Un mot traduit bien, de nos jours, la situation du riche, le mot « profiter ». « Profites en bien, j’en ai bien profité, il a raison d’en profiter puisqu’il le peut… ». Chacun veut profiter, le plus possible, de tout et tout de suite ! Si la vie humaine se réduit à cela, alors, l’ennemi, c’est l’autre. L’autre qui veut en profiter autant que moi, m’empêche plus ou moins d’atteindre mes objectifs. L’existence n’est plus qu’envie, vantardise, jalousie, défiance, rivalité, haine. Jean Paul Sartre avait raison « l’enfer, c’est les autres ! ». Le riche n’a pas besoin d’attendre la vie éternelle, il a déjà crée l’enfer dès ici bas.
Sur ce même thème, une autre sentence évangélique mérite réflexion : « Avec l’argent trompeur, faites-vous des amis ». Elle fait suite à une parabole dans laquelle un mauvais gérant s’avérait assez astucieux pour s’obliger un certain nombre de futurs débiteurs. Jésus savait fort bien qu’on n’achète pas l’amitié. Tout au plus, fait-on des assistés qui nous seront toujours redevables.
Pour se faire des amis, pour établir, justement, une relation de gratuité ; il faut que les autres soient au même rang que moi. C’est pourquoi, à la suite de quelques encycliques retentissantes, l’Eglise a compris que la justice « était le nouveau nom de la charité ». Ceci paraissait révolutionnaire à des mentalités qui depuis des siècles justifiaient la richesse dans le but d’assister les pauvres. Dieu aurait donné à certains d’être riches pour mieux s’occuper des miséreux !
Dans l’hypothèse (non encore vérifiée !) d’une société juste, la charité serait-elle vouée à disparaître ? Certainement pas. La justice ne pourra jamais tenir compte de la différence individuelle avec laquelle elle sera appliquée. Avec le même salaire, les mêmes avantages, les mêmes conditions de vie, l’un sera heureux, l’autre malheureux. « La charité ne passera jamais… ».

3 commentaires:

Anonyme a dit…

Pourriez-vous s'il vous plaît donner des explications supplémentaires sur les dernières lignes du texte? A quel niveau, selon vous, la charité interviendrait-elle dans une société vraiment juste? Je crois le comprendre mais je n'en suis pas sûre. Merci beaucoup.

J.CASANAVE a dit…

Une société juste est celle qui donnerait à chacun les mêmes possibilités de trouver son bonheur ou d'accomplir sa vocation.
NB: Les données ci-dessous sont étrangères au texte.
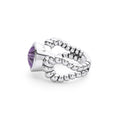 Caviar Color Sterling Silver Amethyst Cabochon Ring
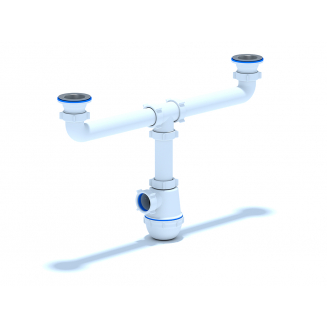 Сифон для раковины двойной АНИ ПЛАСТ 1 1/2"*40 АНИ Грот  А3000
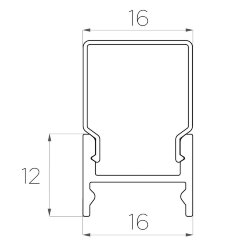 Профиль накладной алюминиевый LC-LPS-1216-2 Anod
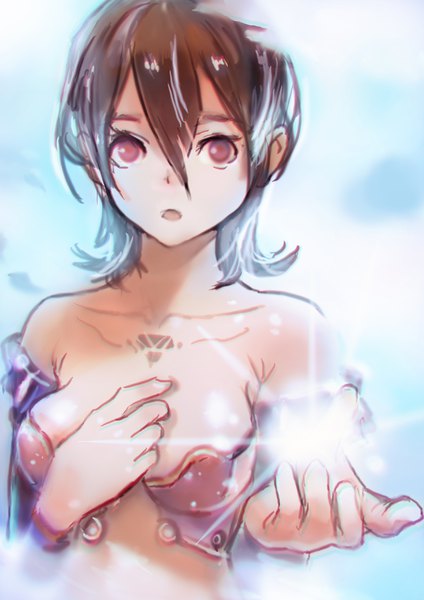 Anime picture 2480x3508 with original okuto single tall image looking at viewer blush fringe highres short hair breasts open mouth light erotic hair between eyes brown hair bare shoulders upper body magic hand on chest outstretched hand girl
Mais,il y a une part tout à fait individuelle, originale, dans cette aspiration commune. C'est pourquoi toute "politique" oscille entre deux écueils. Ou bien laisser la liberté de chacun trouver son chemin personnel, au risque d'exclure ceux qui ne trouveront jamais les moyens de leurs ambitions. Ou bien offrir à tous un cadre contraignant, au risque d'imposer un bonheur ce qui est contraire au vrai bonheur! Dans un cas comme dans l'autre l'amour-charité compensera les limites d'un simple "traitement social"du bonheur humain qui restera toujours une question d'appréciation personnelle.

Anonyme a dit…

lu

"L'âne se jette à l'eau" aux éditions Médiaspaul.